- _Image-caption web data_
****************************************

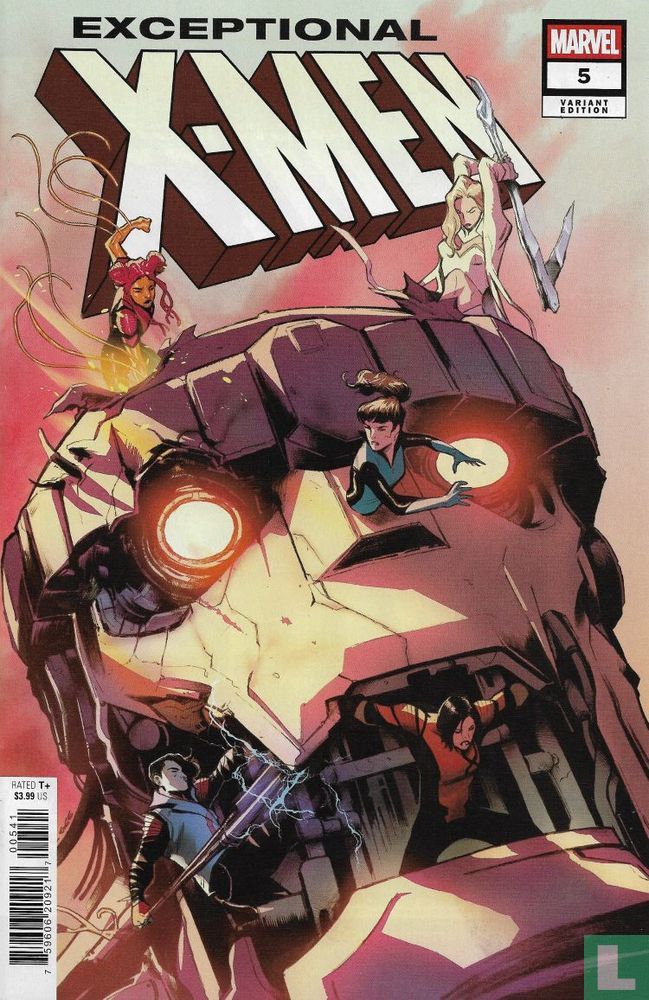Exceptional X-Men 5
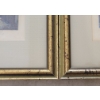 Image 9 : LOT OF 3 - FRENCH QUARTER CITYSCAPES BY DE LA FILLE  - FRAMED PRINTS
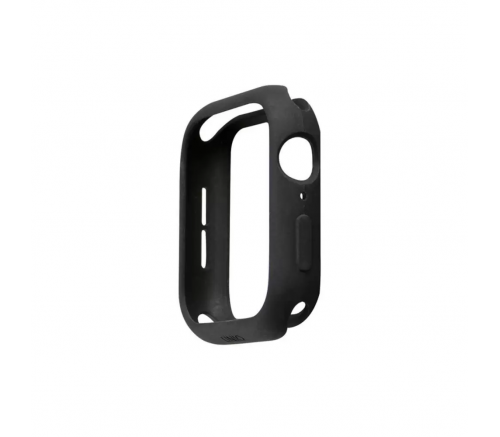 Чехол Uniq для Apple Watch 44 mm LINO Черный - фото 3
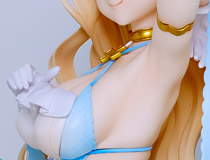 【WF2023夏】デザインココ新作美少女フィギュア「アズールレーン エミール・ベルタン 水着スキン[Côte d’Azur]」彩色サンプルが展示！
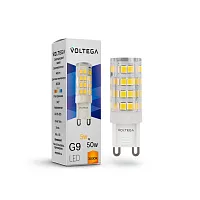 Лампа LED Simple 7185 Voltega VG9-K3G9warm5W  G9 5вт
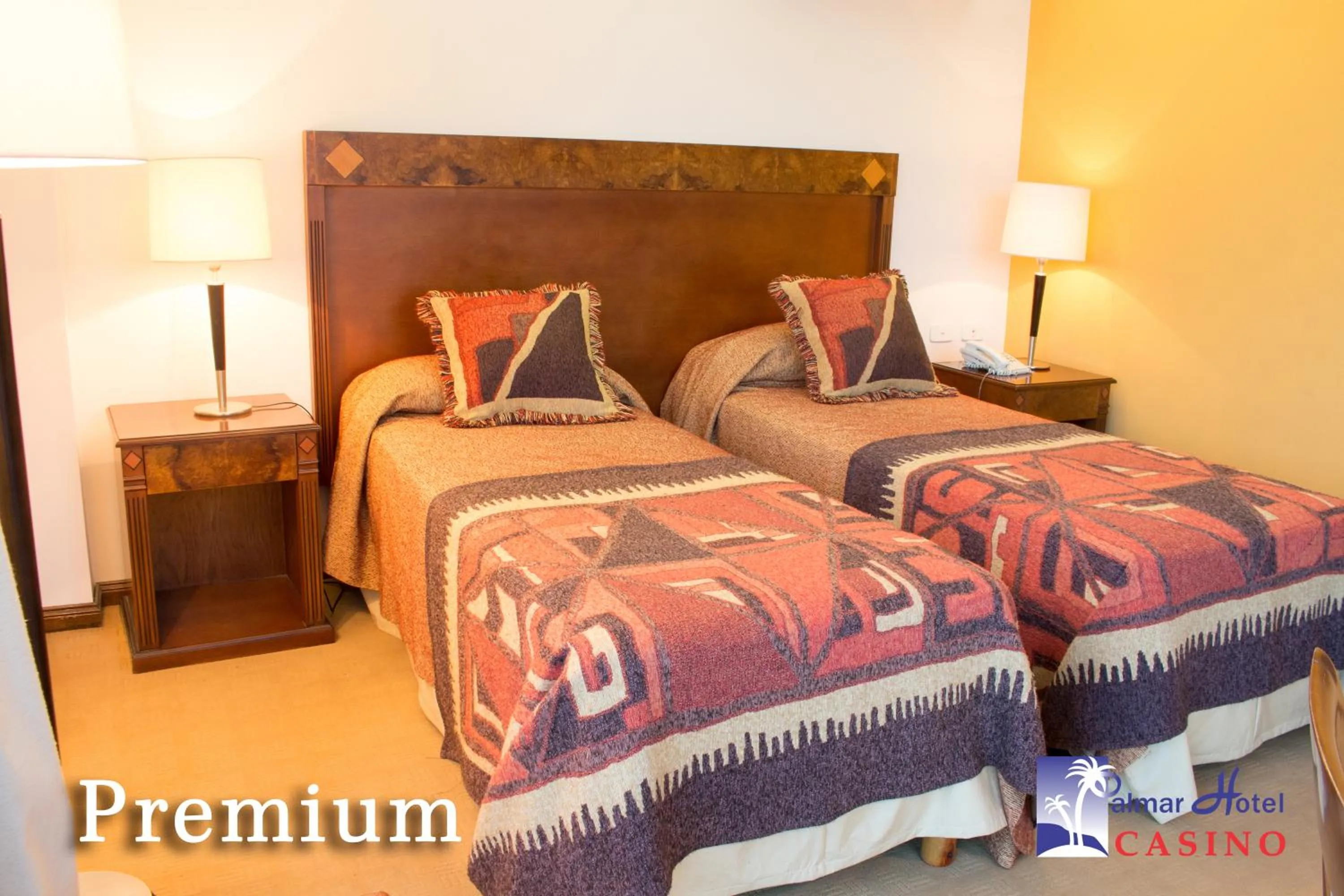 Bed in Palmar Hotel Casino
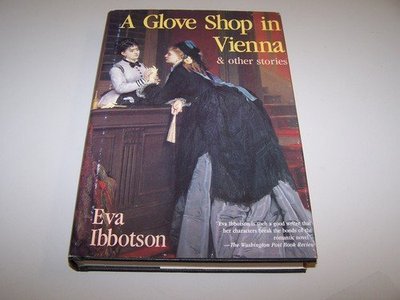 Book cover for "A Glove Shop in Vienna and Other Stories" by Eva Ibbotson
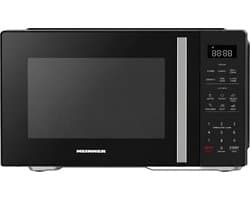 Heinner Combi Magnetron Vrijstaand 23 Liter - Magnetron met Grill, Heteluchtoven & Airfryer - 4-in-1 met 900W & 10 Airfry Programma's - Zwart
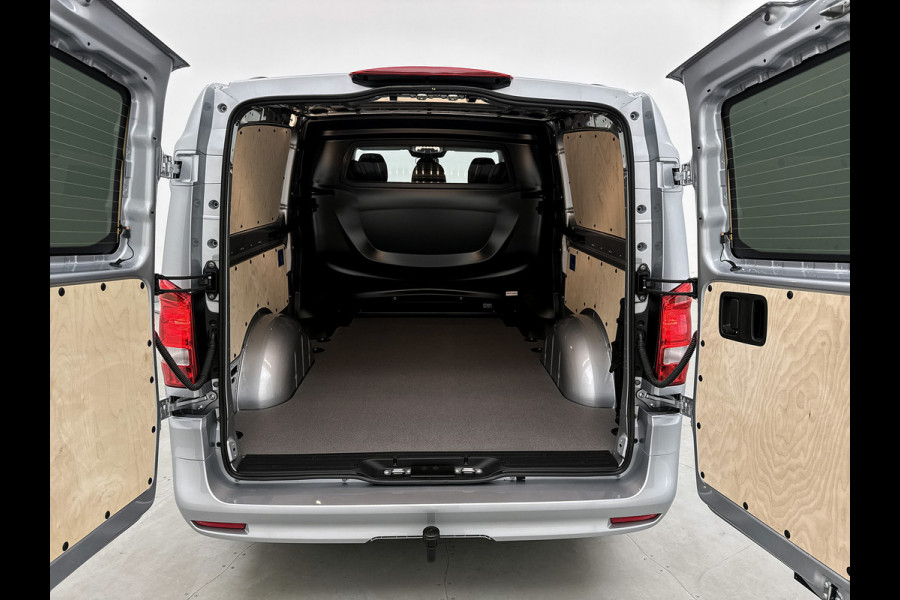 Mercedes-Benz Vito 119 CDI Pro DC Extra lang 19 Inch Lichtmetaal Dubbele cabine Sidebars Dubbele Schuifdeur Multibeam LED Trekhaak Achteruitrijcame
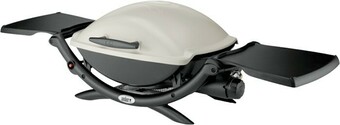 The Good Guys Weber Q LPG - Titanium offer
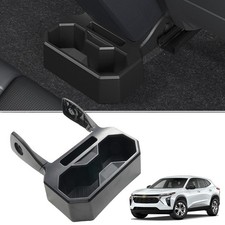 Backseat Floor Cup Holder For Chevy Trax 2024-2025 With Dual Slots Non-slip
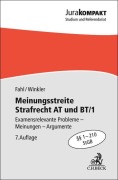 Cover-Bild zum Titel 'Meinungsstreite Strafrecht AT und BT/1' von 'Christian Fahl, Klaus Winkler'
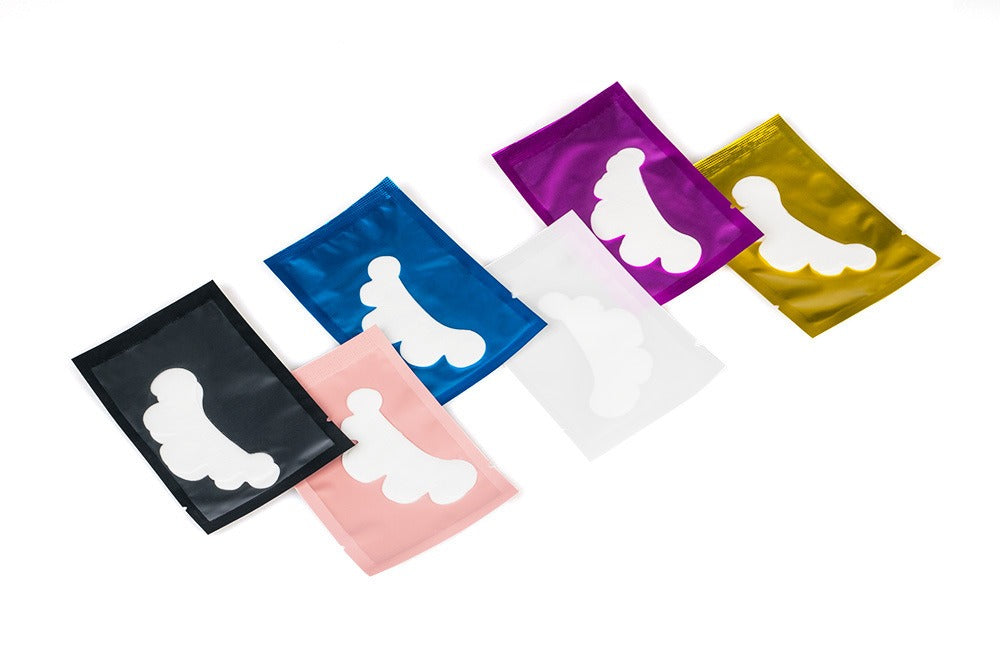 Cloud-Shaped Under Eye Patches for Lash Extensions – Lower Lash Isolation Pads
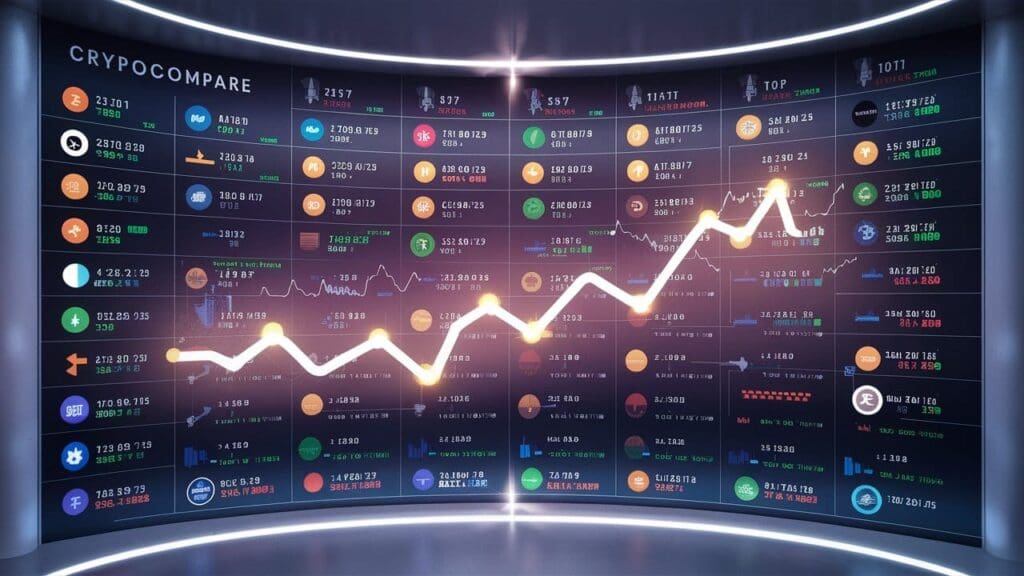 Cryptocompare Cryptocurrency Charts Providers 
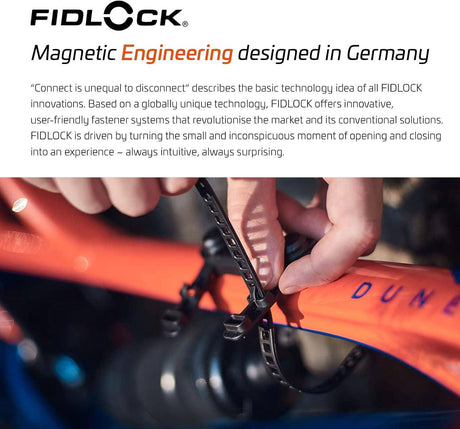 Fidlock Twist Uni Bike Base Mount Only - Fitness New Zealand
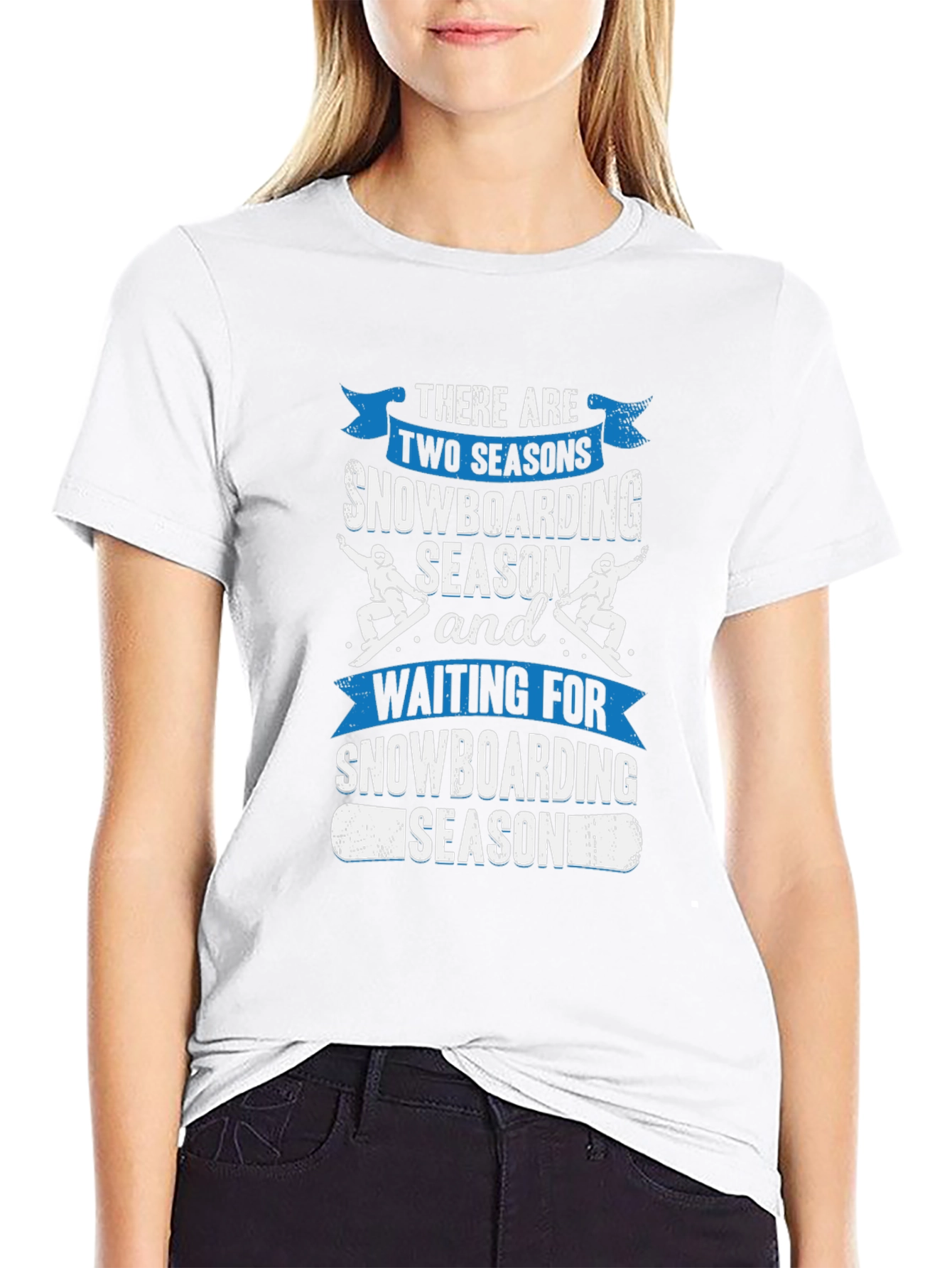 Snowboarding Season T-Shirt - For Snowboard Lovers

****************************************

- _YOUR GOAL_
Keep the pictures out of your answer, which should be the lines from the one with "Чехол Uniq для" through the final line of the data, copied exactly.

- _EXPECTED ANSWER_
 Чехол Uniq для Apple Watch 44 mm LINO Черный - фото 3
 【WF2023夏】デザインココ新作美少女フィギュア「アズールレーン エミール・ベルタン 水着スキン[Côte d’Azur]」彩色サンプルが展示！
 Лампа LED Simple 7185 Voltega VG9-K3G9warm5W  G9 5вт
 Bed in Palmar Hotel Casino
 Book cover for "A Glove Shop in Vienna and Other Stories" by Eva Ibbotson
 Heinner Combi Magnetron Vrijstaand 23 Liter - Magnetron met Grill, Heteluchtoven & Airfryer - 4-in-1 met 900W & 10 Airfry Programma's - Zwart
 Mercedes-Benz Vito 119 CDI Pro DC Extra lang 19 Inch Lichtmetaal Dubbele cabine Sidebars Dubbele Schuifdeur Multibeam LED Trekhaak Achteruitrijcame
 The Good Guys Weber Q LPG - Titanium offer
 Backseat Floor Cup Holder For Chevy Trax 2024-2025 With Dual Slots Non-slip
 Cover-Bild zum Titel 'Meinungsstreite Strafrecht AT und BT/1' von 'Christian Fahl, Klaus Winkler'
 Cloud-Shaped Under Eye Patches for Lash Extensions – Lower Lash Isolation Pads
 Cryptocompare Cryptocurrency Charts Providers 
 Fidlock Twist Uni Bike Base Mount Only - Fitness New Zealand
 Snowboarding Season T-Shirt - For Snowboard Lovers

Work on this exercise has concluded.